What’s behind the surge
Three forces are pushing in the same direction. First, tax administration has tightened: stronger enforcement and ongoing digitisation have broadened the net and reduced leakages.
Second, macroeconomic reforms launched since 2023,foreign-exchange changes, petrol subsidy removal, market liberalisation and early tax-policy clean-ups,are pulling more activity into the formal economy where it can be taxed.
Third, while oil is no longer the main driver, oil-related receipts are recovering on the back of improved output and compliance.
The non-oil engine, in plain terms
The 75% share points to rising contributions from company income tax and VAT across telecoms, finance, manufacturing, trade, and services, areas that are less volatile than crude oil.

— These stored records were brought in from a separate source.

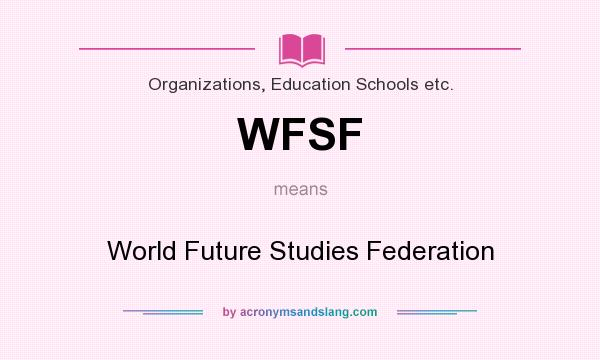 What does WFSF mean? It stands for World Future Studies Federation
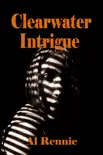 Clearwater Intrigue synopsis, comments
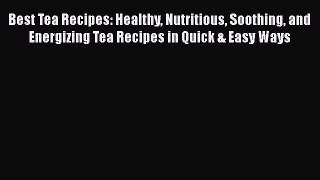 [DONWLOAD] Best Tea Recipes: Healthy Nutritious Soothing and Energizing Tea Recipes in Quick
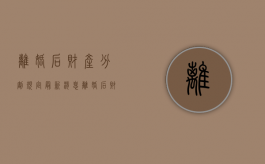 离婚后财产分割规定最新消息（离婚后财产分割 法条）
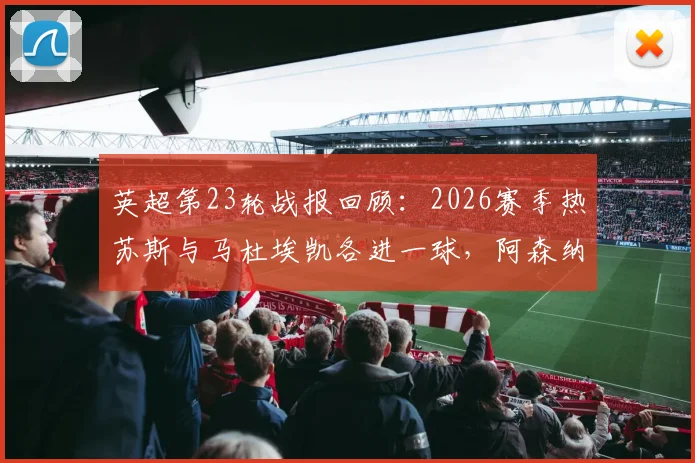 英超第23轮战报回顾:2026赛季热苏斯与马杜埃凯各进一球,阿森纳客场2-1力克水晶宫全取三分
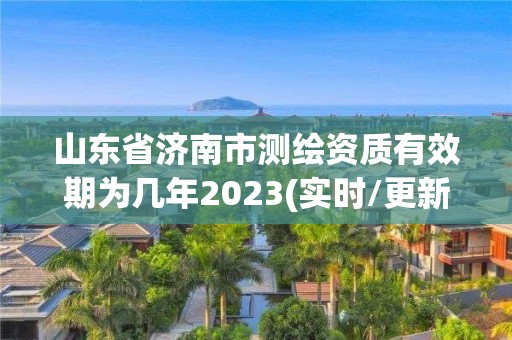 山東省濟南市測繪資質有效期為幾年2023(實時/更新中)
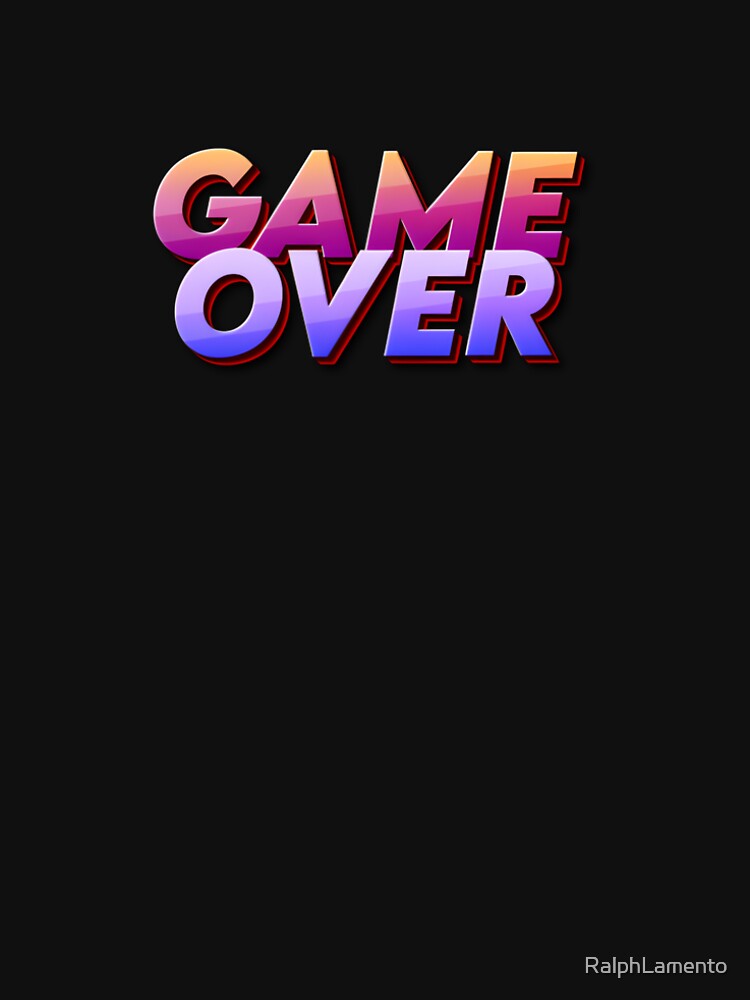 Retro Style Game Over by RalphLamento T-Shirts, Hoodie, Sweatshirt | BlankRebels.com (Image 2)
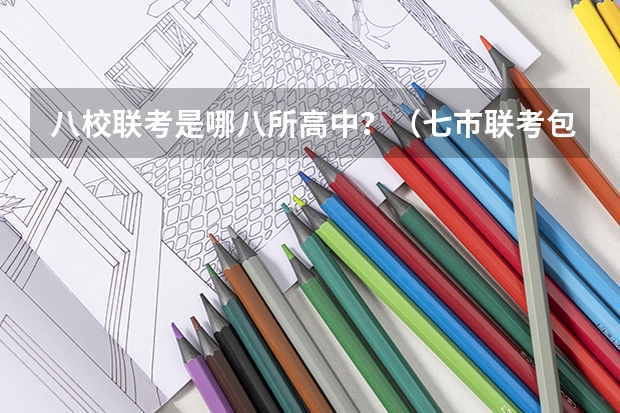 八校联考是哪八所高中？（七巿联考包括哪几个市？）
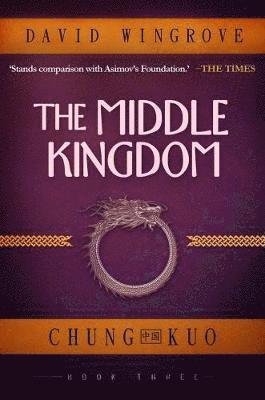 bokomslag The Middle Kingdom: Book 3 Chung Kuo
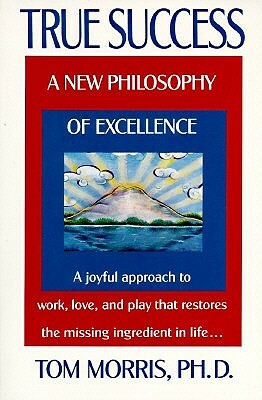True Success: A New Philosophy of Excellence by Tom Morris
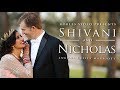Shivani  nicholas  cinematic wedding day highlight hindu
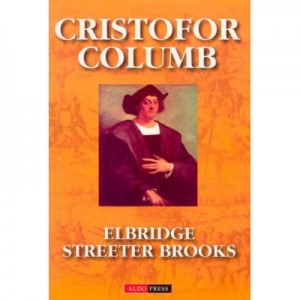 Cristofor Columb -povestea adevarata - Elbridge Streeter Brooks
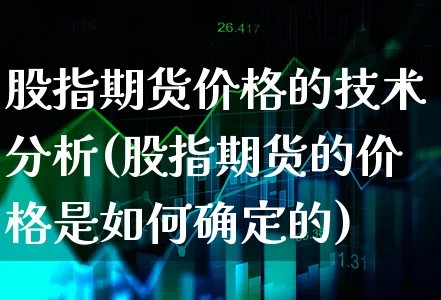 股指期货价格的技术分析(股指期货的价格是如何确定的)_https://www.xgbbparty.com_债券市场_第1张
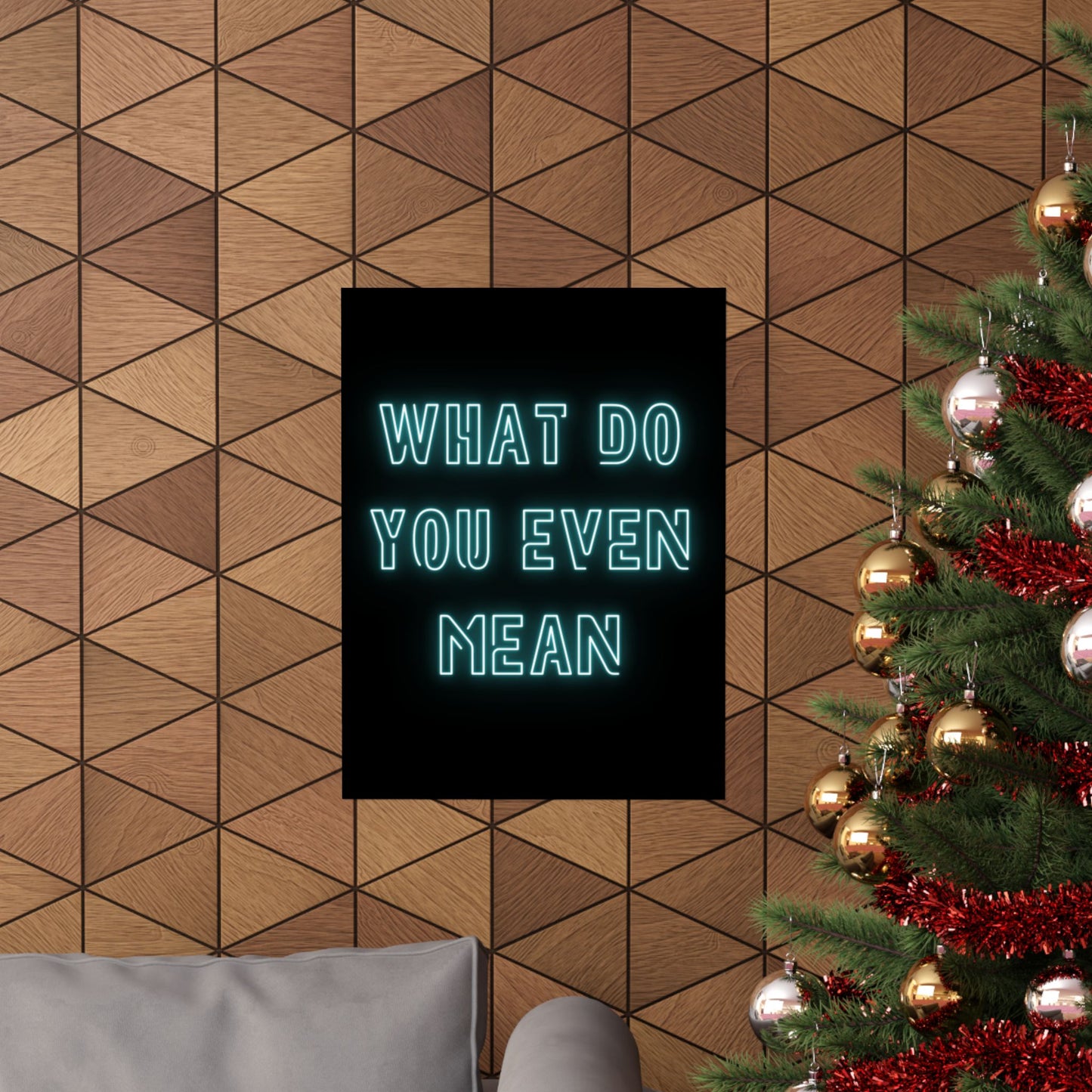 Matte Poster — "What Do You Even Mean" Neon Typography Wall Art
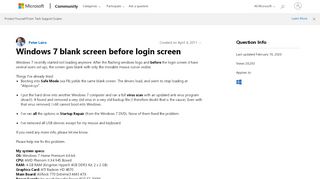 
                            2. Windows 7 blank screen before login screen - Microsoft Community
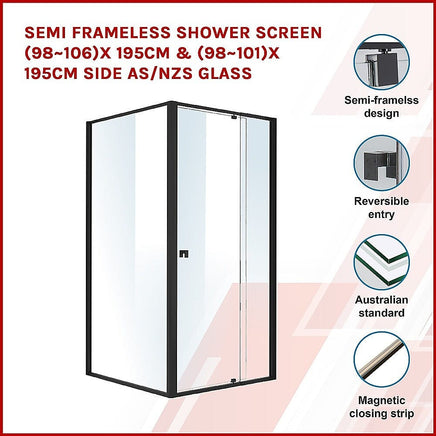 Semi Frameless Shower Screen (98~106)x 195cm & (98~101)x 195cm Side AS/NZS Glass Kings Warehouse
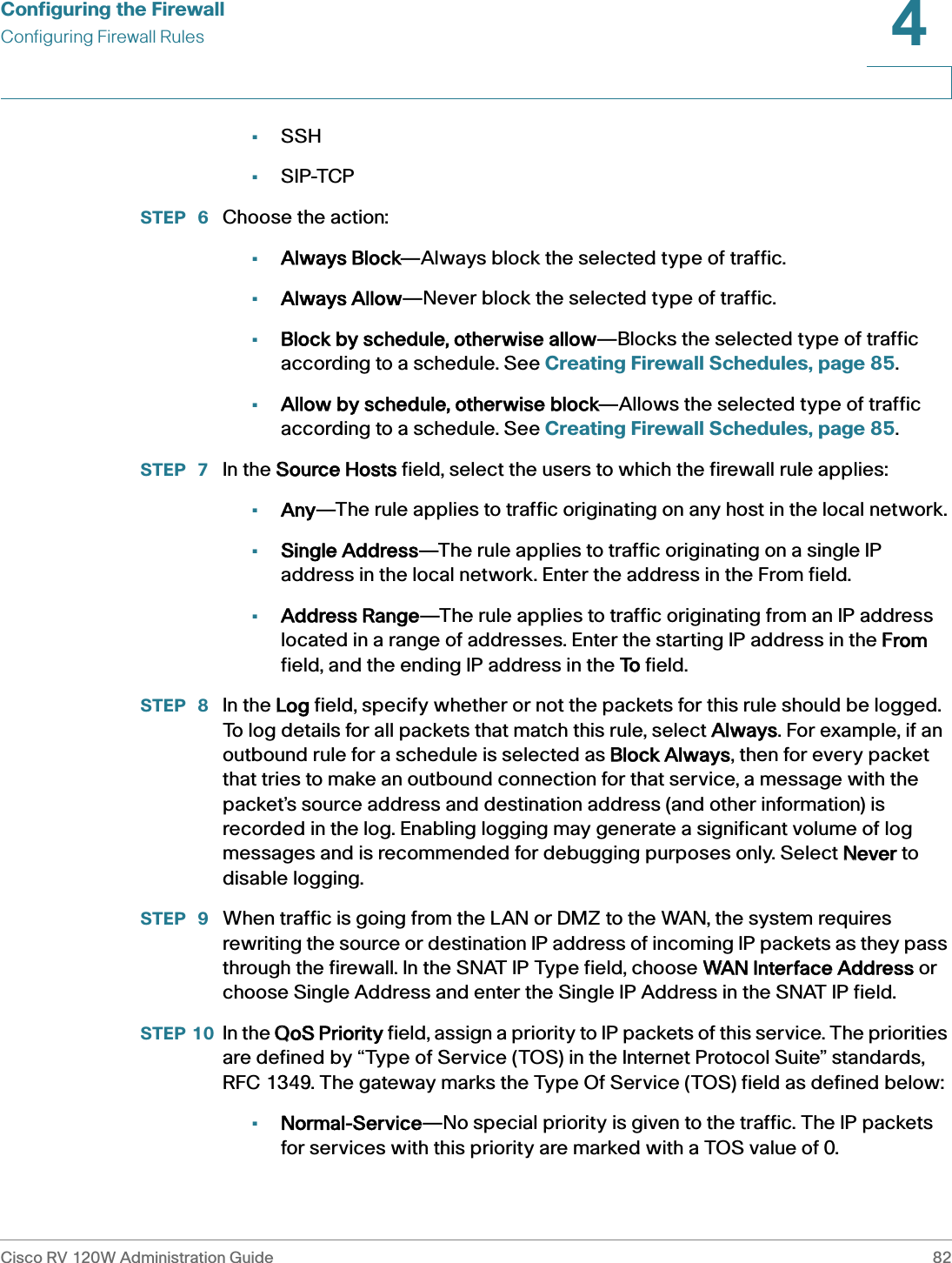 Configuring the FirewallConfiguring Firewall RulesCisco RV 120W Administration Guide 824 •SSH•SIP-TCPSTEP  6 Choose the action:•Always Block—Always block the selected type of traffic.•Always Allow—Never block the selected type of traffic.•Block by schedule, otherwise allow—Blocks the selected type of traffic according to a schedule. See Creating Firewall Schedules, page 85.•Allow by schedule, otherwise block—Allows the selected type of traffic according to a schedule. See Creating Firewall Schedules, page 85.STEP  7 In the SSource Hosts field, select the users to which the firewall rule applies:•Any—The rule applies to traffic originating on any host in the local network.•Single Address—The rule applies to traffic originating on a single IP address in the local network. Enter the address in the From field.•Address Range—The rule applies to traffic originating from an IP address located in a range of addresses. Enter the starting IP address in the FFrom field, and the ending IP address in the TTo field.STEP  8 In the LLog field, specify whether or not the packets for this rule should be logged. To log details for all packets that match this rule, select AAlways. For example, if an outbound rule for a schedule is selected as BBlock Always, then for every packet that tries to make an outbound connection for that service, a message with the packet’s source address and destination address (and other information) is recorded in the log. Enabling logging may generate a significant volume of log messages and is recommended for debugging purposes only. Select NNever to disable logging. STEP  9 When traffic is going from the LAN or DMZ to the WAN, the system requires rewriting the source or destination IP address of incoming IP packets as they pass through the firewall. In the SNAT IP Type field, choose WWAN Interface Address or choose Single Address and enter the Single IP Address in the SNAT IP field.STEP 10 In the QQoS Priority field, assign a priority to IP packets of this service. The priorities are defined by “Type of Service (TOS) in the Internet Protocol Suite” standards, RFC 1349. The gateway marks the Type Of Service (TOS) field as defined below:•Normal-Service—No special priority is given to the traffic. The IP packets for services with this priority are marked with a TOS value of 0. 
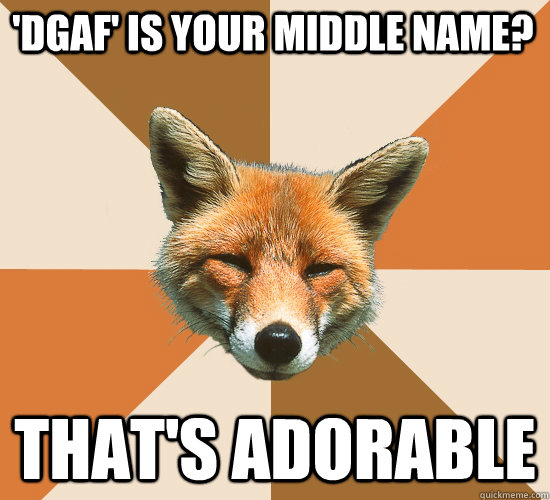 'DGAF' is your middle name? That's adorable  Condescending Fox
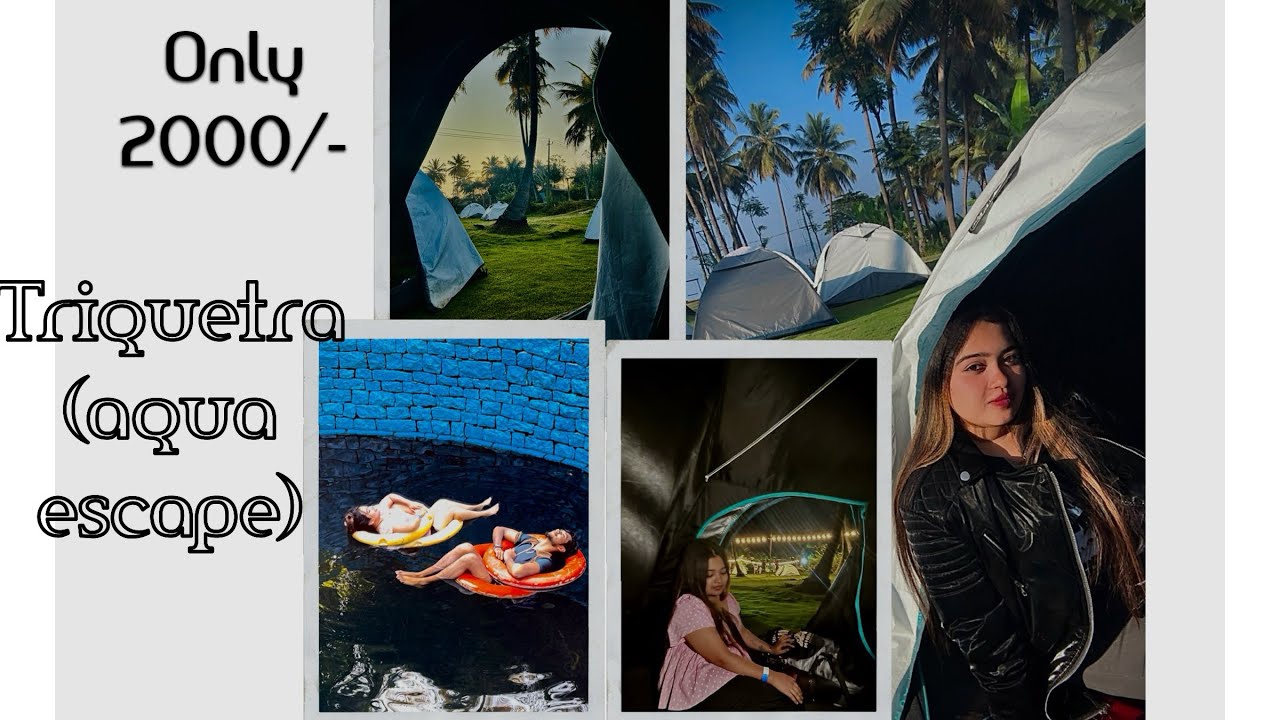 Near Bangalore 1 day trip in aqua escape 🏕️|| camping trip | 🏕️ | Triquetra (aqua escape) 
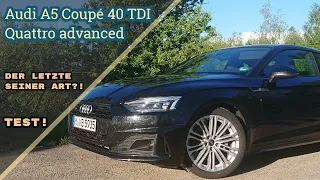 Der LETZTE seiner Art? 2021 Audi A5 Coupé 40 TDI Quattro advanced Test! [POV]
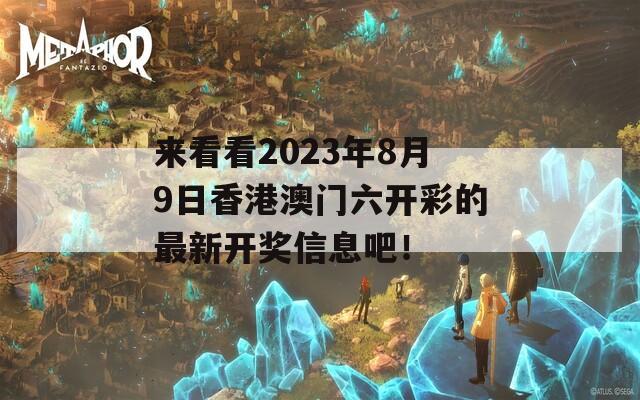 来看看2023年8月9日香港澳门六开彩的最新开奖信息吧！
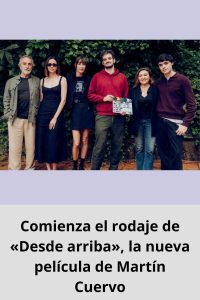 Comienza el rodaje de «Desde arriba», la nueva película de Martín Cuervo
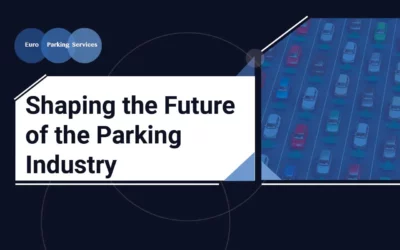 Shaping the Future of the Parking Industry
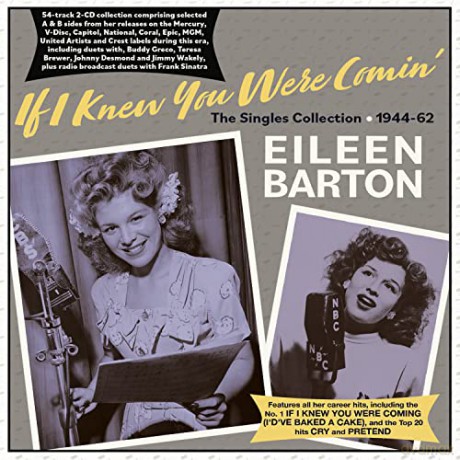 Eileen Barton: If I Knew You Were Comin - The Singles Collection 1944-62 [2CD]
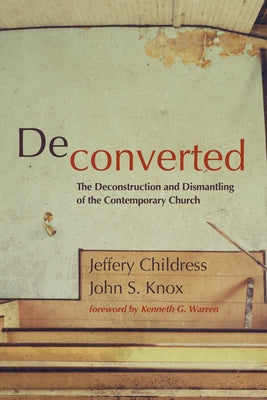 Deconverted: The Deconstruction and Dismantling of the Contemporary Church by Childress, Jeffery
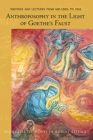 Anthroposophy in the Light of Goethe's Faust: Volume One of Spiritual-Scientific Commentaries on Goethe's Faust (Cw 272) (Collected Works of Rudolf Steiner #272) Cover Image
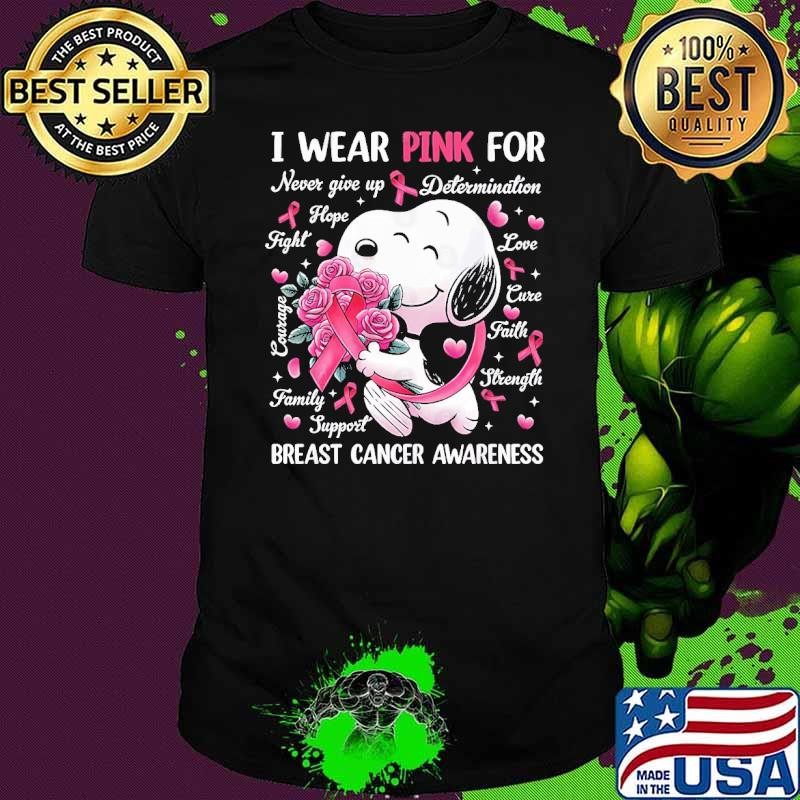 I wear pink for never give up determination breast cancer awareness snoppy flower T-Shirt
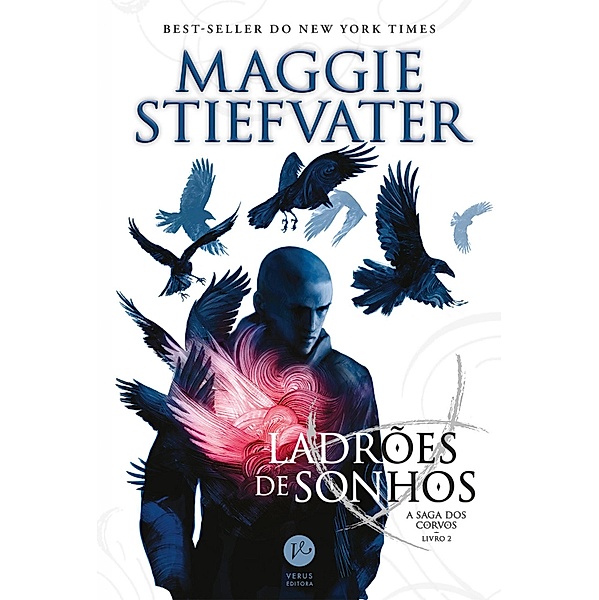 Ladrões de sonhos - A saga dos corvos - vol. 2 / A saga dos corvos Bd.2, Maggie Stiefvater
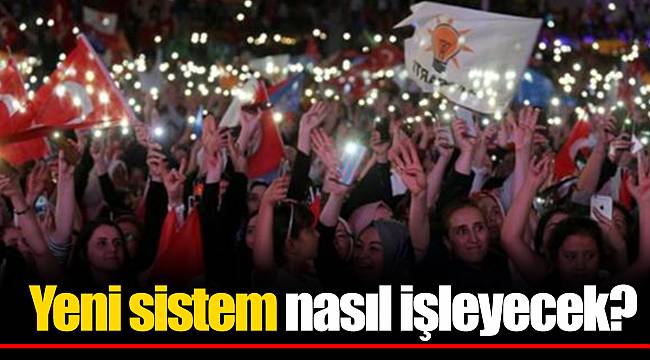Yeni sistem nasıl işleyecek?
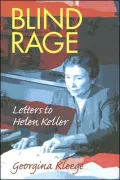 Blind Rage: Letters to Helen Keller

Year-on-year, non-oil taxes grew faster than oil taxes in the January–July window, and the seven-month haul has been described as surpassing the combined take of 2021 and 2022, highlighting how quickly the base has thickened.
Why it matters for budgets and investors
A broader non-oil base stabilises government cash flows and enables states to plan with greater certainty. It can also support lower borrowing needs over time if momentum holds.
For investors, it signals an economy that is diversifying in practice, not just in policy documents,an important cue for risk pricing and long-term capital.
The durability question
Not every extra naira reflects real growth. High inflation and exchange-rate effects can swell naira-denominated taxes even when volumes lag, and enforcement gains often plateau without deeper reform.
To lock in progress, Nigeria still needs a medium-term tax blueprint: simpler rules, fewer exemptions, better property and excise systems, and continued investment in digital compliance.
What to watch next
Two dials will tell the story through year-end: the non-oil share (does it remain near 70–75% as conditions normalise?) and the oil-tax rebound (do production and security gains hold without crowding out reform energy?).
For now, the headline is clear: Nigeria’s tax machine is increasingly powered by the non-oil economy,and the trend looks real.